The Son-in-Law’s Void: Navigating a Silent Emotional Crisis

While much attention is (rightfully) paid to the bride’s adjustment, the emotional experience of the husband in this scenario is a silent, often ignored crisis. He exists in a marital limbo—a state of profound ambiguity that is emotionally draining and socially isolating.

The Anatomy of Abandonment

He has undergone the elaborate and expensive rituals of marriage. Society now views him as a married man. He faces the expectations that come with this title: to be a provider, a protector, a stable pillar. Yet, he returns to an empty home. He eats meals alone. He navigates his daily life without his chosen partner. He is married, but not partnered. He is committed, but not included.

This emotional vacuum is not a minor inconvenience; it is a deep wound. He is expected to perform his duties while being denied the emotional reciprocity, companionship, and intimacy that are the fundamental rewards of a marital partnership. His needs for connection, support, and shared experience are rendered invalid, often dismissed with the cultural justification of “how things are done.”

The Cascading Consequences: From Resentment to Collapse

This void does not remain empty. It fills with other, more destructive emotions:

  • Resentment and Isolation: The initial patience and understanding gradually curdle into resentment. He may feel like a mere accessory in his wife’s life, a character in a play written and directed by her family. This breeds a deep sense of isolation, as he often has no culturally sanctioned avenue to express this pain without being seen as weak or complaining.

  • Breakdown in Communication: How does one build a communicative relationship with someone who is perpetually absent? The daily, mundane interactions that build shared language and inside jokes are missing. The couple misses the crucial early phase where they learn to navigate disagreements and misunderstandings together.

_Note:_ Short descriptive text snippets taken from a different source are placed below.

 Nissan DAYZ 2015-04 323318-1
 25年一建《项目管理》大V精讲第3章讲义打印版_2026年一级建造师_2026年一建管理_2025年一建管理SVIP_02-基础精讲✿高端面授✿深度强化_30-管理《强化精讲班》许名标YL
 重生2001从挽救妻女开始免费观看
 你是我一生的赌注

When they do interact, the pressure to make it “perfect” can be overwhelming, stifling authentic communication. Conversations become stilted, focused on logistics rather than connection.

  • Loss of Trust and Intimacy: Trust is built in moments of vulnerability and consistency. Physical and emotional intimacy require privacy, time, and a safe, shared space—all of which are nullified by constant separation. The husband may begin to doubt his own role and worth. He may wonder if the marriage was ever truly intended to be a shared life. This erosion of trust is incredibly difficult to rebuild.

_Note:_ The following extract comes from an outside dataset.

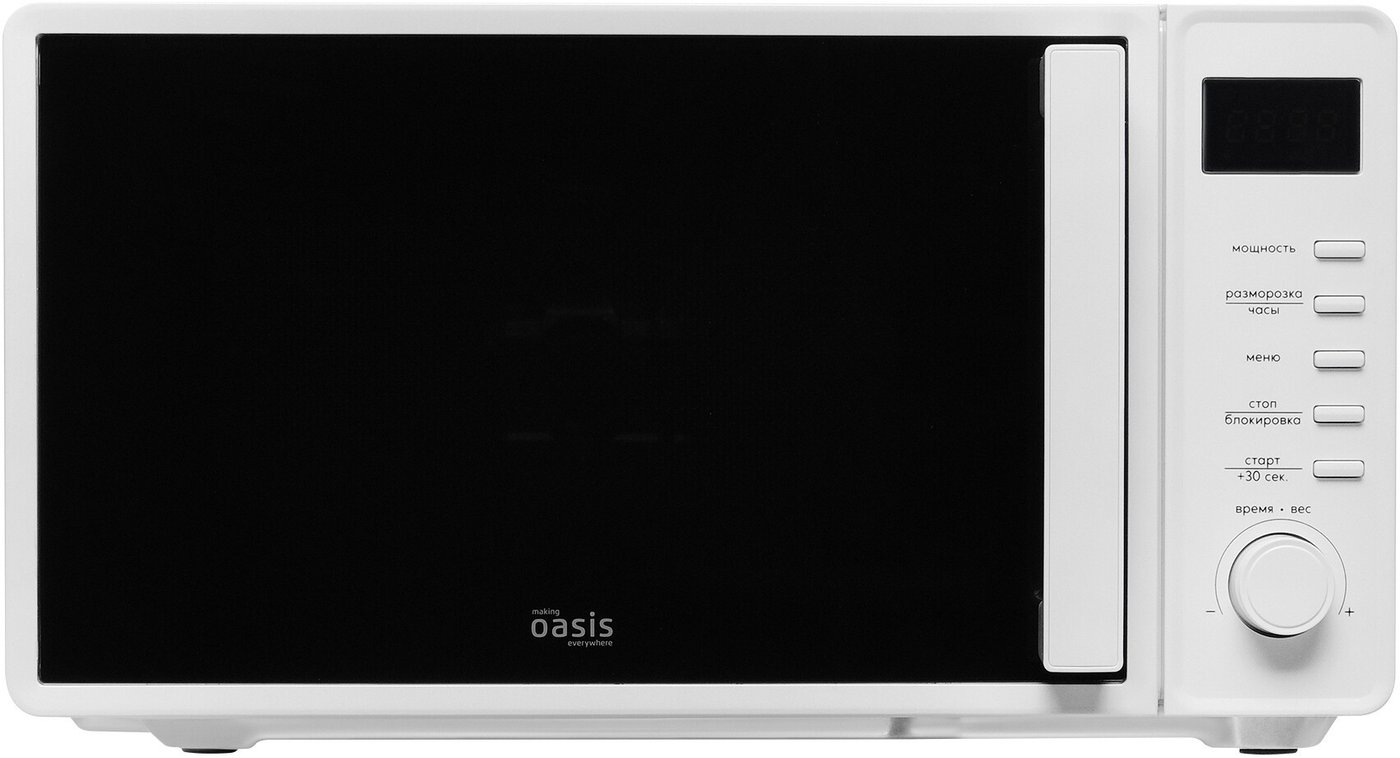 Микроволновая печь Making Oasis Everywhere MW-70SW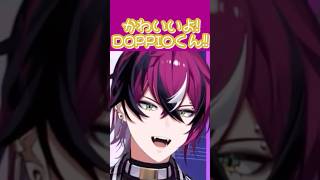 【NIJISANJI EN】可愛いね！に対する反応 DoppioDropscythe【XSOLEIL切り抜き】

  • Eventual Marital Collapse: Unaddressed, these festering issues can lead to an irreversible breakdown. The marriage, never given a chance to truly begin, becomes a hollow shell. The couple are virtual strangers, now bound together by legal and social contracts they feel no emotional connection to. Divorce, or a lifetime of quiet discontent, becomes the tragic finale of a story that began with such celebration.

This silent crisis of the Kashmiri son-in-law is a pressing mental health and social issue that deserves recognition and empathy.

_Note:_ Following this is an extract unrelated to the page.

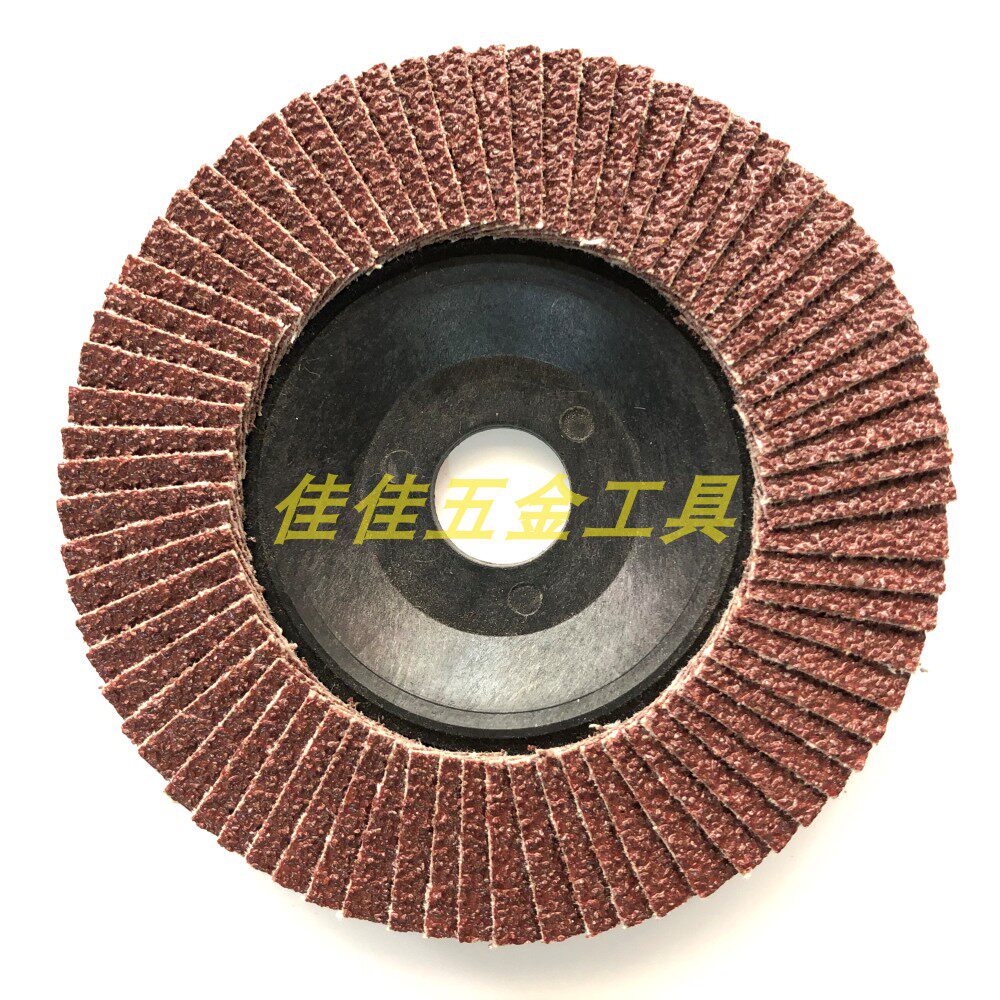 To letter the shutter polishing sheet stainless steel grinding slice grinding plate 100 - grinding plate sand wheel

The Bigger Question: Deconstructing the “Why” of Marriage in Kashmir

This pervasive pattern of separation forces us to ask a fundamental, uncomfortable question: Why marry at all?

If the primary objective of marriage is to achieve a social milestone—to gain the certificate of pride, to tick a box on the list of life’s expected achievements, to appease societal pressure—then the current model, however painful, is functionally successful. The wedding happens. The family’s honor is satisfied. The photos are posted.

But if marriage is intended to be what its deepest purpose has always been—a journey of shared growth, a sanctuary of mutual respect, a partnership of emotional and practical companionship—then this model is a catastrophic failure from the outset.

When a bride’s primary emotional anchor remains her parents and her primary residence remains her childhood home, the marriage is reduced to a part-time arrangement, a periodic visit. It is treated as an add-on to her existing life, rather than the foundation of a new one. The husband, in turn, is reduced to a visitor in his own marriage.

This questions the very intention behind the union. Is the intention to nurture a new bond, to create a new family unit, and to witness the evolution of two individuals into a partnership that is stronger together than apart? Or is the intention simply to perform the act of marriage for an audience, preserving the pre-existing family structures as unchanged as possible?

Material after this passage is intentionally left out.